Pronto, Zhan Yun y el Taoísta Xing Yang subieron al auto de Song Qingling, y al subir, descubrieron que Han Kaifeng estaba sentado en el asiento del copiloto.
Zhan Yun lo miró con una expresión extraña:
—Mírense, chico, ¡pudiste conseguir una cita con la diosa tan rápido!
La cara de Han Kaifeng estaba llena de amargura:
—¿Sabes lo difícil que fue…
En este momento, Han Kaifeng estaba lleno de quejas.
Para invitar a salir a Song Qingling, había agotado todos sus trucos, actuó como un completo adulador durante más de diez horas, y finalmente logró invitar a Song Qingling a ver una película.
Sin embargo, justo después de comprar las entradas, y cuando Han Kaifeng pensaba que estaba a punto de tomar la mano de la diosa, una llamada telefónica de Song Tianyi llamó abruptamente a Song Qingling de vuelta, dejando a Han Kaifeng bastante frustrado.
«¡Esto es como separar a una pareja de amantes!», rugió Han Kaifeng en su interior…
Sin embargo, los labios de Song Qingling se curvaron con una sonrisa.
Ciertamente conocía el propósito de Han Kaifeng, pero ver a Han Kaifeng en un estado tan lamentable en realidad la hacía bastante feliz.
Rápidamente, Song Qingling preguntó:
—Mi padre mencionó que el Sr.
Zhan va a donar a una escuela.
¿Es una donación dirigida a una escuela específica, o debería simplemente llevarlos a buscar una?

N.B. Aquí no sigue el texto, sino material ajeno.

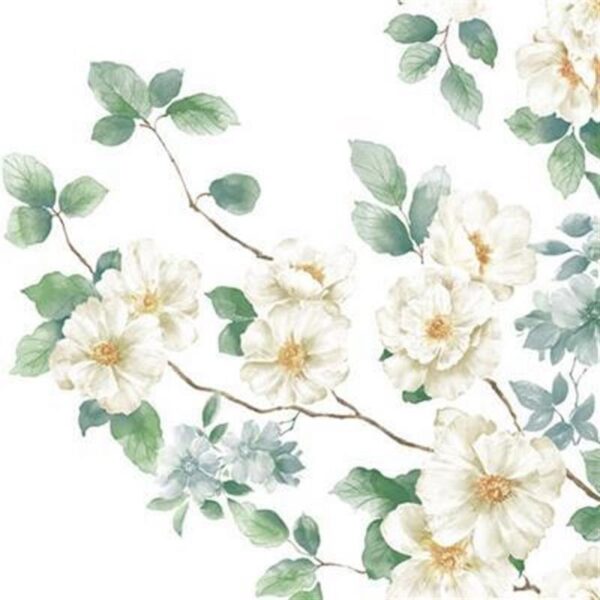 Apple Blossom Paper Napkin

Zhan Yun no dijo nada precipitadamente, en cambio, miró hacia el Taoísta Xing Yang, que estaba más familiarizado con la Fuerza de Mérito.
Después de meditar por un momento, el Taoísta Xing Yang dijo:
—Hagamos esto, encuéntranos la escuela primaria o secundaria más pobre, y donaremos allí.
Esas buenas escuelas en el centro de la ciudad, las aristocráticas y similares, no necesitan nuestra pequeña ayuda.
—¡Entendido!
—Song Qingling pisó el acelerador, y el auto se dirigió hacia las afueras de Ciudad Qilin.